Use the log stdlib module rather than io.println for anything that should reach a log aggregator. It emits JSON lines with level, time, message, and any fields you attach:

import log;

log.info("user.login", {"user_id": id, "ip": req.remoteAddr});

Pipe stdout straight into your platform's log collector (stdout/stderr to Cloud Logging / Loki / Datadog / Elastic).

Tracing And Metrics

The metrics module exposes counters, gauges, and histograms over a Prometheus-compatible scrape endpoint:

import metrics;
metrics.inc("http.requests");
metrics.observe("http.latency_ms", 12.4);

For distributed tracing, the trace module emits OpenTelemetry spans:

import trace;
let span = trace.start("loadUser");
try {
    return loadUser(id);
} finally {
    trace.end(span);
}

Both modules are pull-based: your service exposes the data and your observability stack scrapes it. There is no opinionated reporter to fight with.

Profiling

Geblang ships with a built-in profiler module for capturing CPU, heap, and goroutine snapshots from inside the running program:

import profiler;

let snap = profiler.snapshot();
doWork();
let delta = profiler.delta(snap);
io.println("elapsed_ms = " + (delta["elapsed_ms"] as string));
io.println("heap_alloc = " + (delta["heap_alloc"] as string));

For engine-level profiling, set GEBLANG_PPROF=localhost:6060 when starting any program (script or built binary) and a standard Go net/http/pprof endpoint comes up on that address:

GEBLANG_PPROF=localhost:6060 ./myapp
go tool pprof "http://localhost:6060/debug/pprof/profile?seconds=10"

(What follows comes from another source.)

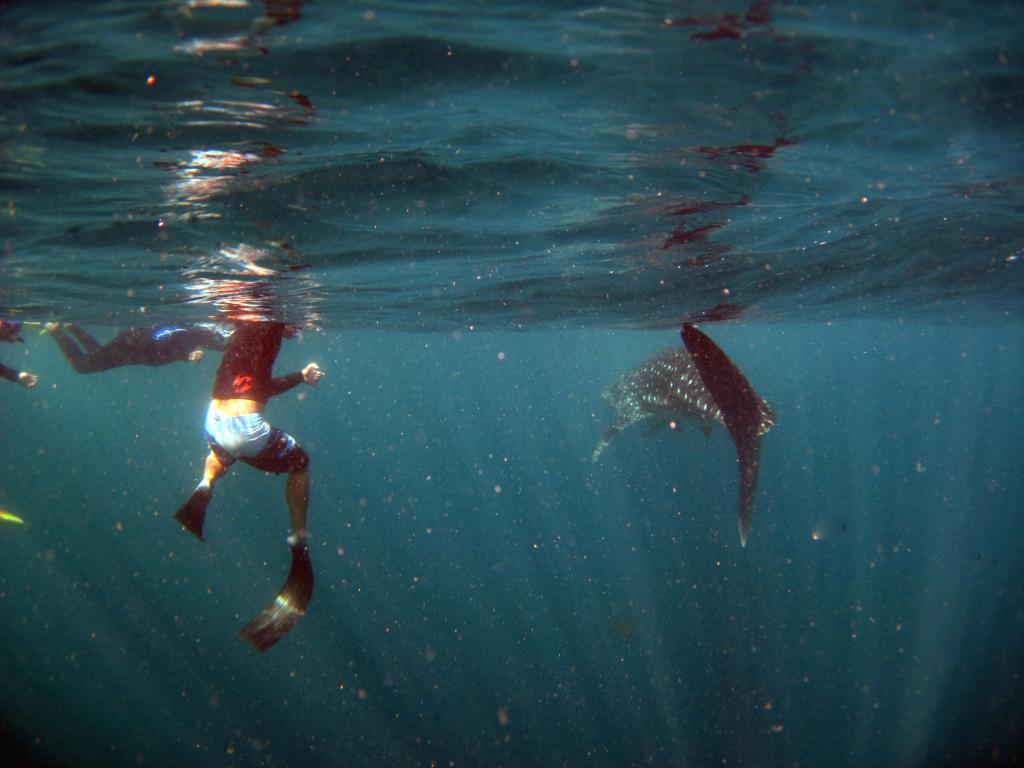 Plavání s delfíny je neopakovatelným zážitkem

Bind it to localhost (or a private interface) only - the endpoint is unauthenticated by design.

Common Bottlenecks

When a program is slower than expected, the culprit is almost always one of:

  1. Unbounded string accumulation. Geblang strings are immutable. The engine recognises the common acc = acc + piece loop shape and appends in place, so simple accumulation loops are fast - but accumulation through function boundaries, conditionals the optimiser cannot see through, or interpolation rebuilds the string each time. For heavy assembly use the strbuilder module (amortised O(n) appends, one final build), or collect parts in a list and parts.join("") at the end.
  2. List indexing where a generator would do. If you only consume the first N items of a large derived sequence, prefer a generator<T> function over building the full list.
  3. Per-request HTTP clients. http.get(...) and friends use a shared default client, but if you wrap each call in a fresh http.newClient(...), you also create a fresh connection pool. Build the client once at startup and reuse it.
  4. Synchronous I/O in async handlers. A handler that calls io.readText while serving a request blocks the goroutine. Use async.io.readText (or async.io.readBytes) and await the result so other requests progress.
  5. Heavy work inside a class constructor. Decorators and field defaults run for every instance. Cache shared state in static class members, or defer derived sequences with the lazy streams module so work happens on consumption, not construction.

Benchmark micro-suspects with the benchmarks/ harness or the stdlib time.elapsed helper:

import time;

let t = time.now();
doWork();
io.println("took " + (time.elapsed(t) as string) + "ms");

A 3-5x repeat is usually enough to filter noise; for statistically robust numbers, benchmarks/run.sh reports a 5-run median (adjustable with --repeats) across geblang/python/php/node for comparison.

Production Checklist

  • Binary built with geblang build --out (no source on the host).
  • GOMAXPROCS matches the container's allocated CPU.
  • GOMEMLIMIT is set just below the container memory limit.
  • Source-run deployments only: bytecode cache warmed during the image build (built binaries bundle precompiled bytecode).
  • Structured logs (log.info / warn / error) flow to stdout.
  • metrics endpoint is wired up to your scrape target.
  • Health-check route returns 200 only when downstream deps are reachable.
  • Graceful shutdown: a SIGTERM handler (sys.onSignal) calls http.shutdown(server, 5000) so in-flight requests finish, while the main goroutine blocks in http.wait(server).
  • Crash reports include the toolchain version (geblang --version; built binaries answer --version too).